• [Exercise]: Within the listing that follows, reproduce exactly the lines starting at the line with "Pemphero under treatment" and ending at the line with "Splint çıkarıldı, dişlerin", inclusive, and only those. Pictures are dropped.

• [Source material]:
★ ★ ★ ★ ★

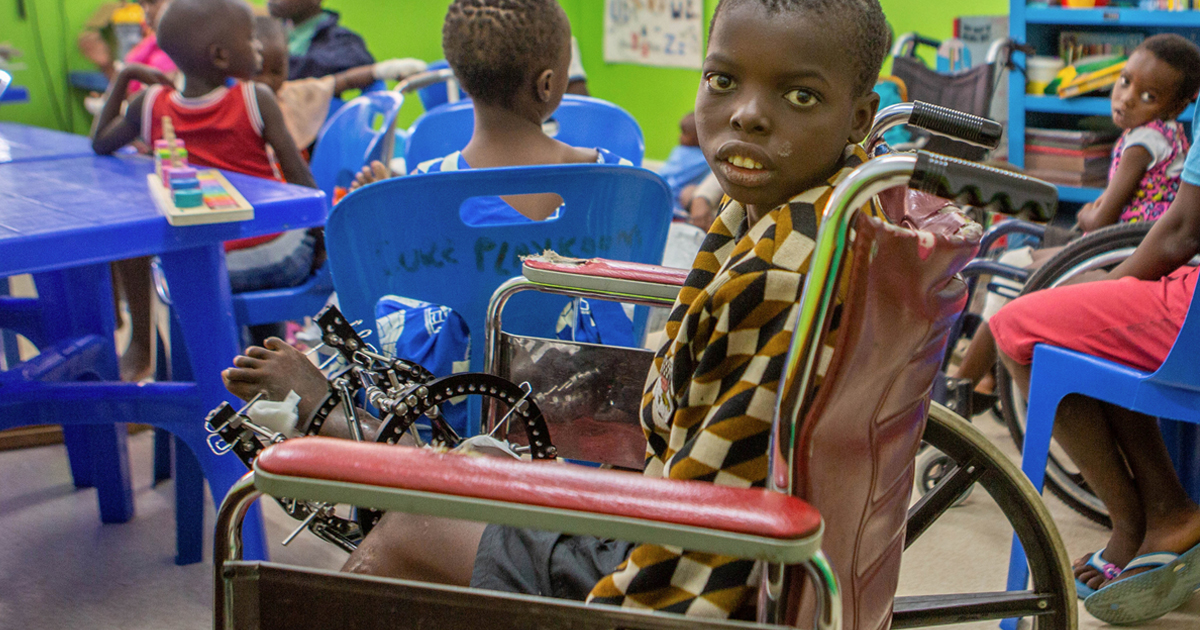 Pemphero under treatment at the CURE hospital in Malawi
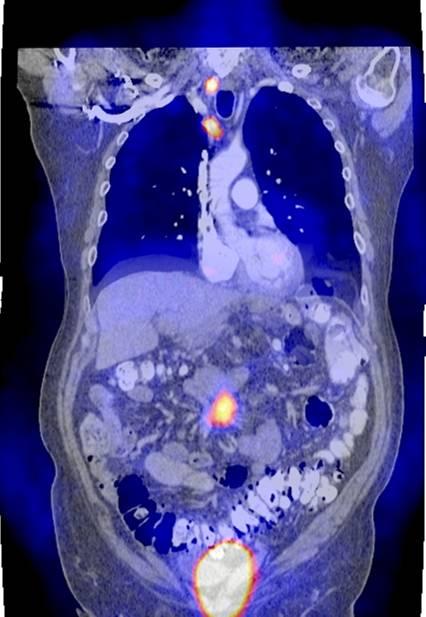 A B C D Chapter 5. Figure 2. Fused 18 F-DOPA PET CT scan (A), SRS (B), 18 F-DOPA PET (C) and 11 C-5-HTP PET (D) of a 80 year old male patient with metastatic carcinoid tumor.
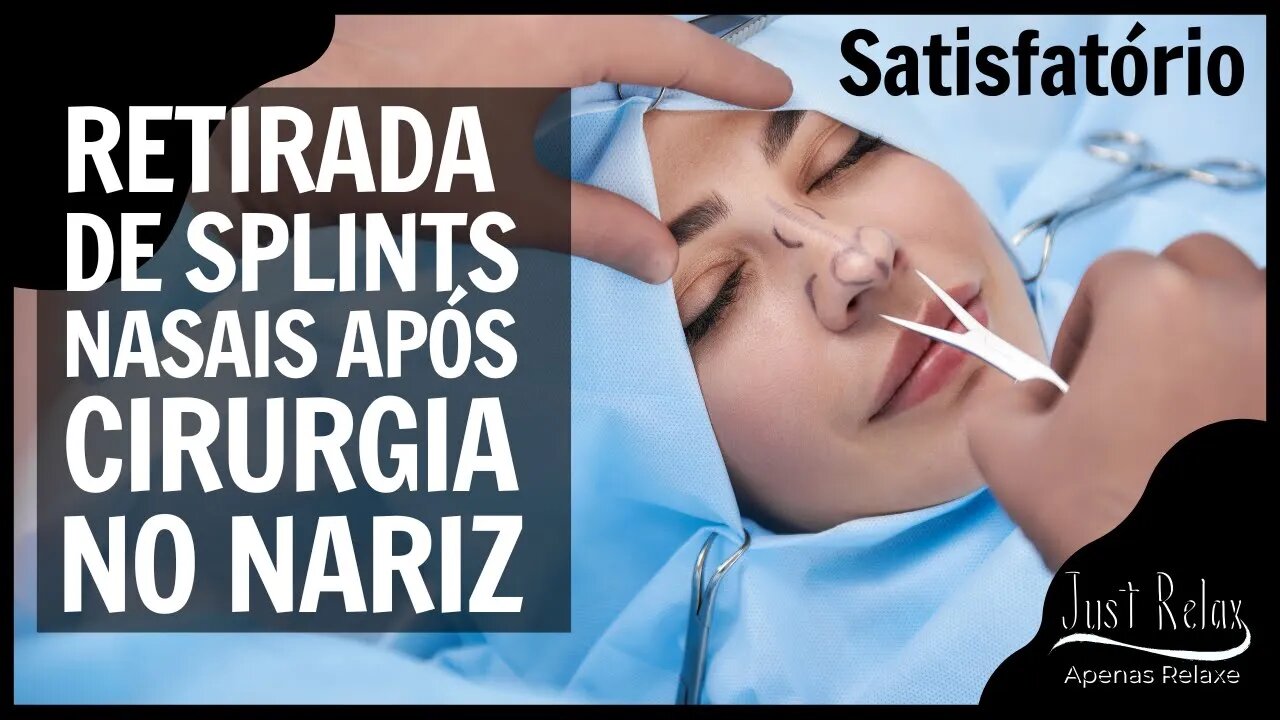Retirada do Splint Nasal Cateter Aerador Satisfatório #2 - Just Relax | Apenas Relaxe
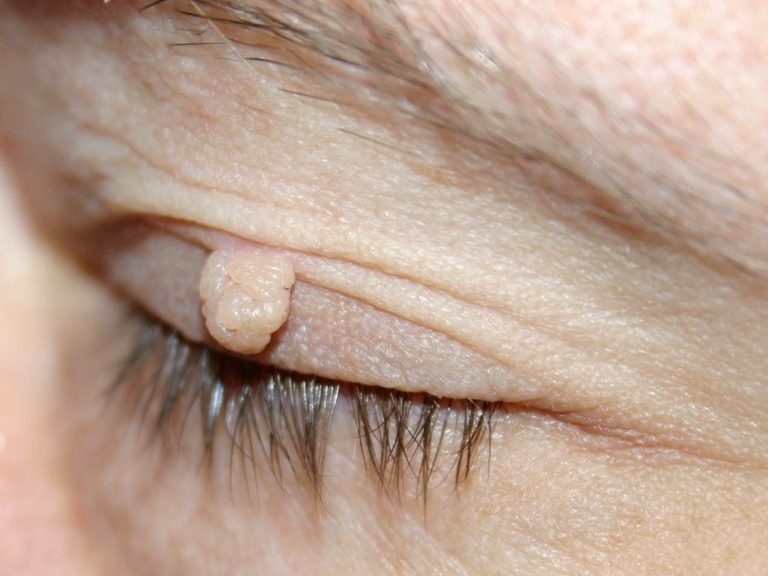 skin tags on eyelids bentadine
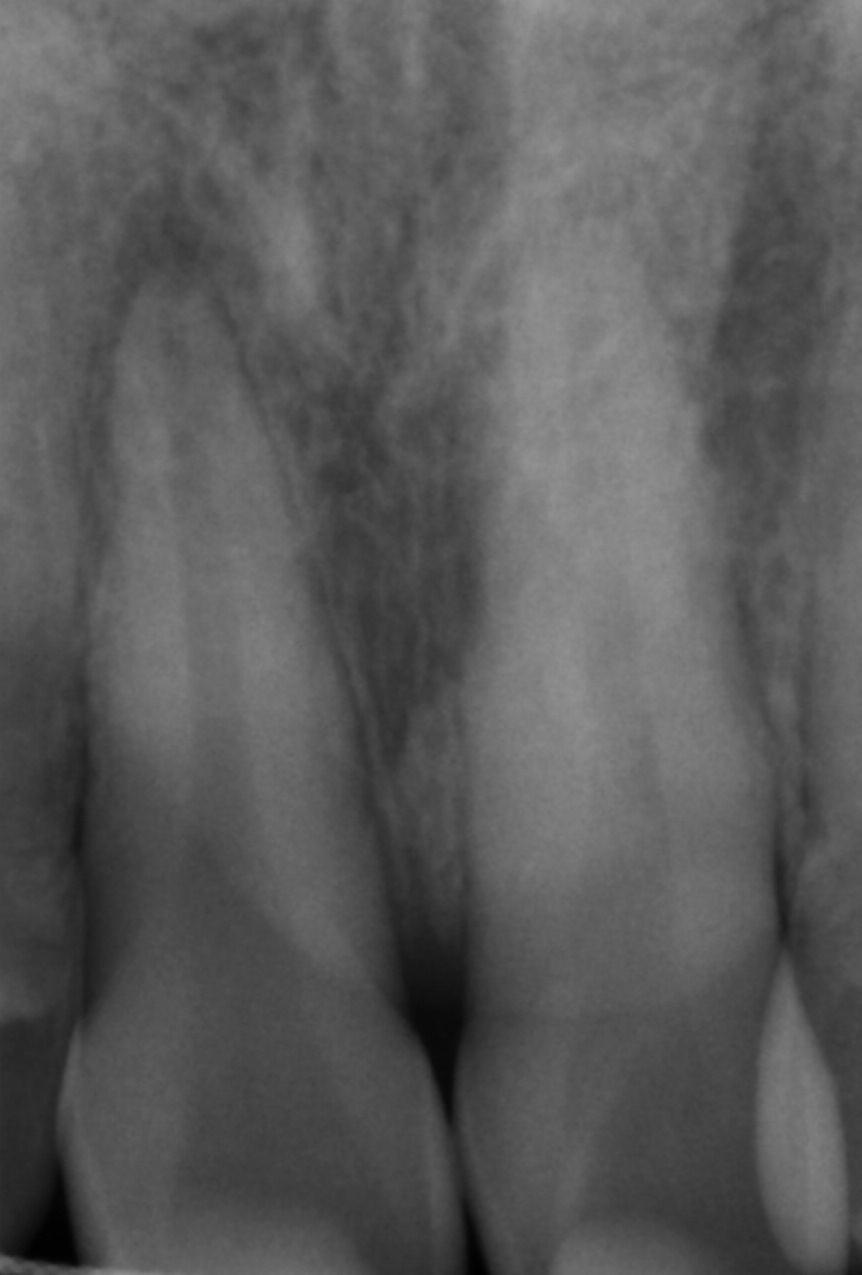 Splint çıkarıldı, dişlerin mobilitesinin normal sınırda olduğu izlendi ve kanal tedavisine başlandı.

★ ★ ★ ★ ★

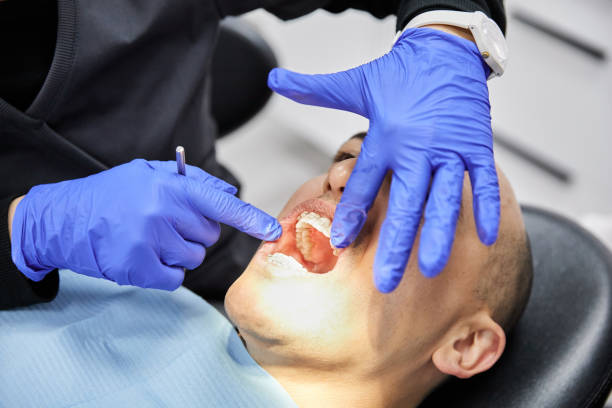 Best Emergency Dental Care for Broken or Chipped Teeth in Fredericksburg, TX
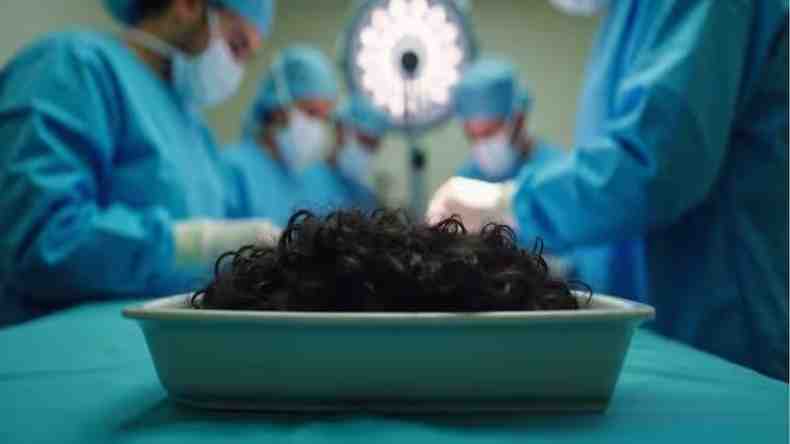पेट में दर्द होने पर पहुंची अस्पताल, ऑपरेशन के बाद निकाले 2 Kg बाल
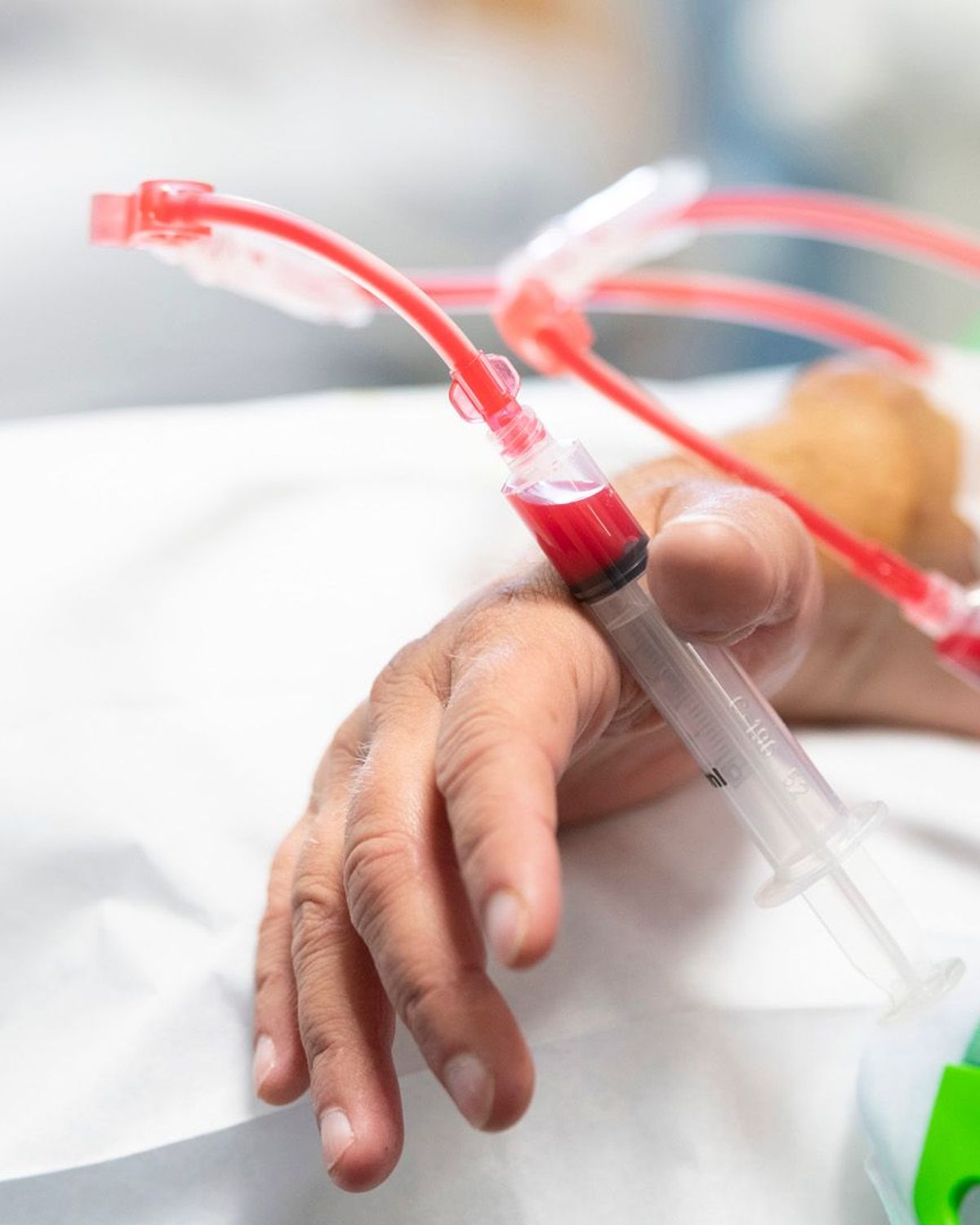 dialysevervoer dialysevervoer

★ ★ ★ ★ ★

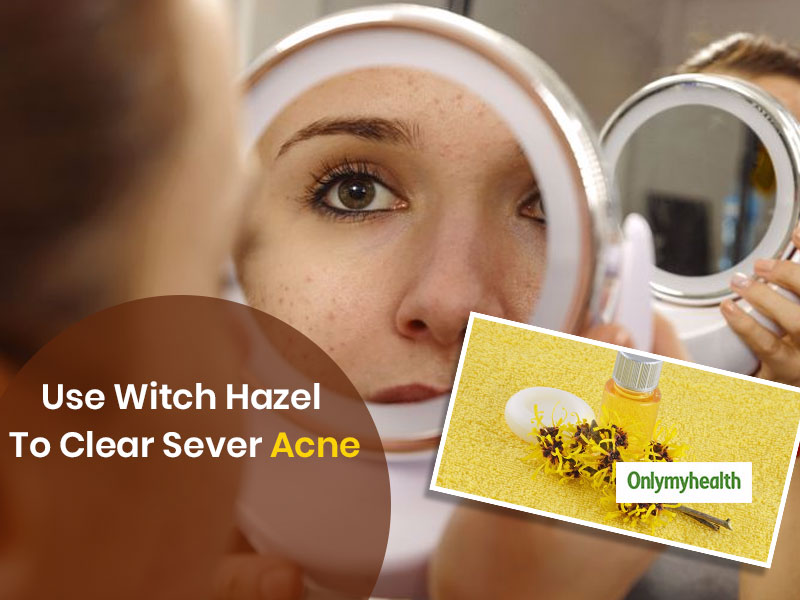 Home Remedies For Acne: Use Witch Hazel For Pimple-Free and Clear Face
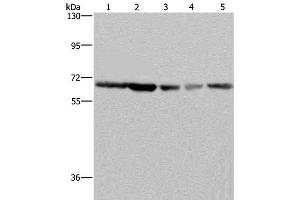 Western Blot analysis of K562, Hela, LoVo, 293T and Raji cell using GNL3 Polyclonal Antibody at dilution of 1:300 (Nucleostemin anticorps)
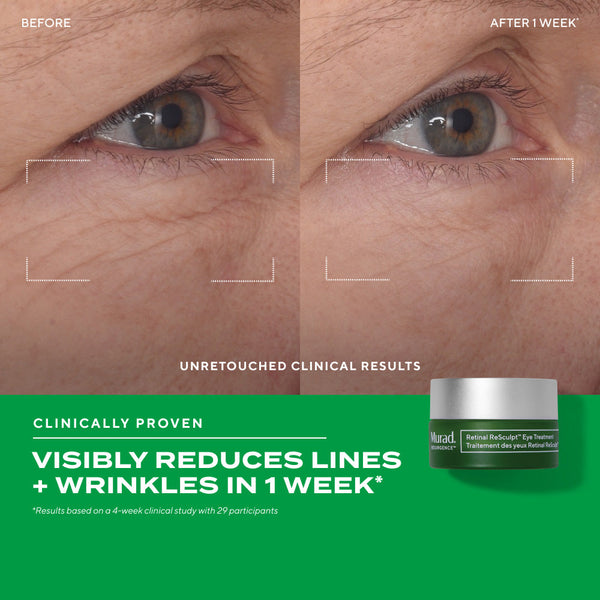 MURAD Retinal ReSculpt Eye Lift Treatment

★ ★ ★ ★ ★

• [Answer to the problem]:
 Pemphero under treatment at the CURE hospital in Malawi
 A B C D Chapter 5. Figure 2. Fused 18 F-DOPA PET CT scan (A), SRS (B), 18 F-DOPA PET (C) and 11 C-5-HTP PET (D) of a 80 year old male patient with metastatic carcinoid tumor.
Retirada do Splint Nasal Cateter Aerador Satisfatório #2 - Just Relax | Apenas Relaxe
 skin tags on eyelids bentadine
 Splint çıkarıldı, dişlerin mobilitesinin normal sınırda olduğu izlendi ve kanal tedavisine başlandı.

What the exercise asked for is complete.